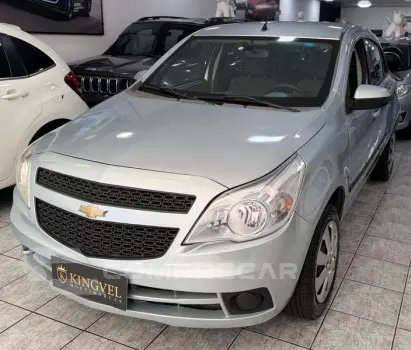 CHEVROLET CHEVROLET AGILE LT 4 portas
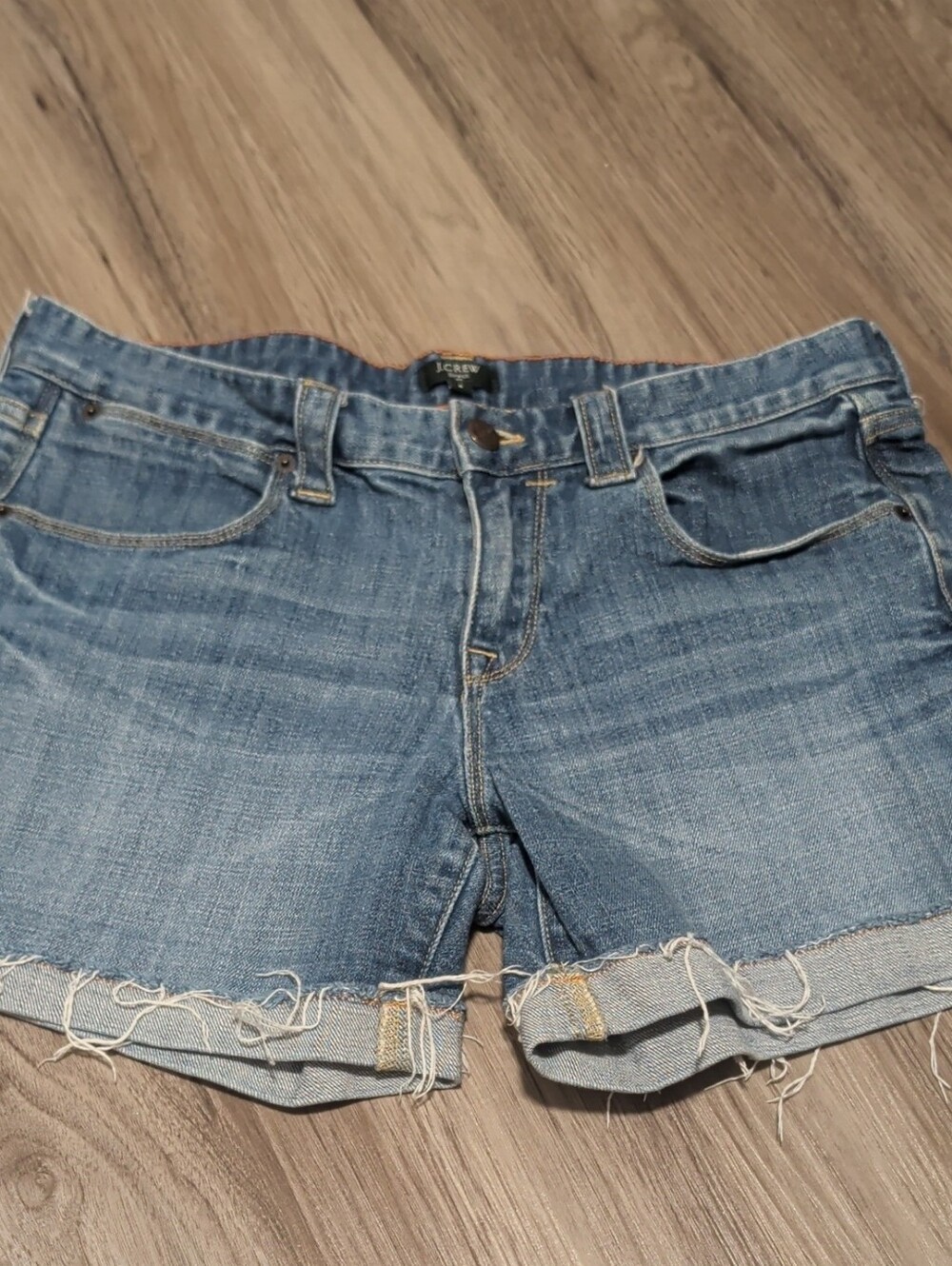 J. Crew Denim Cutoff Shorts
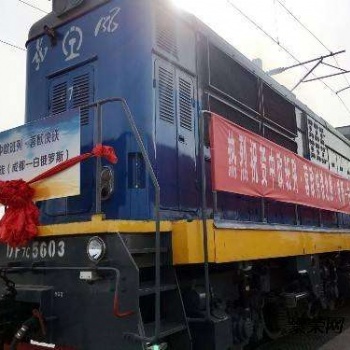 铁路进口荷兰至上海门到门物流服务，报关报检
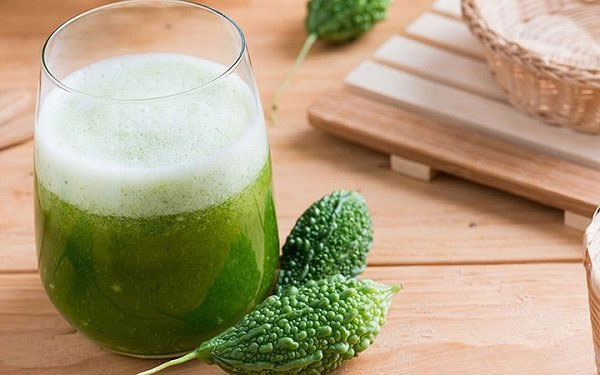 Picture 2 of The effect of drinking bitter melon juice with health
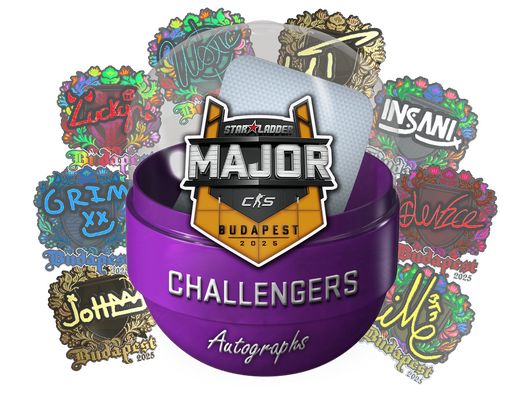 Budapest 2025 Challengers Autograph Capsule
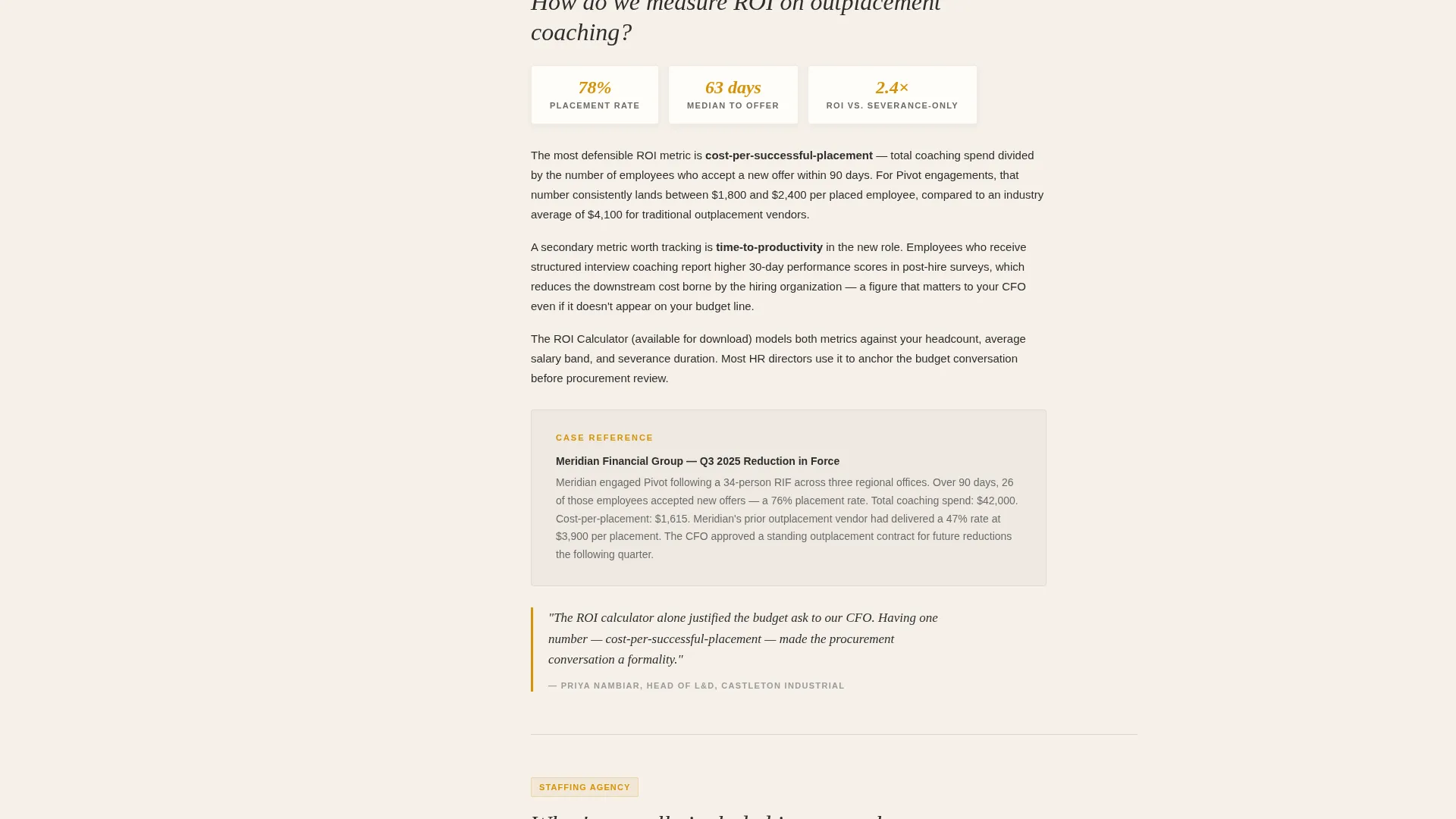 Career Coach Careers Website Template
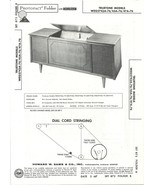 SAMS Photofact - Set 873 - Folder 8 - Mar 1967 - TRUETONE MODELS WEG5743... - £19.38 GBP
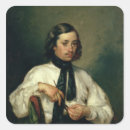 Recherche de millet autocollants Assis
===
▸ TASK ITEM
Set down, in exact form, only the lines that start at the one containing "SAMS Photofact - Set" and finish at the last line of the material; pictures do not go in.

▸ ANSWER SPACE
 SAMS Photofact - Set 873 - Folder 8 - Mar 1967 - TRUETONE MODELS WEG5743... - £19.38 GBP
 Recherche de millet autocollants Assis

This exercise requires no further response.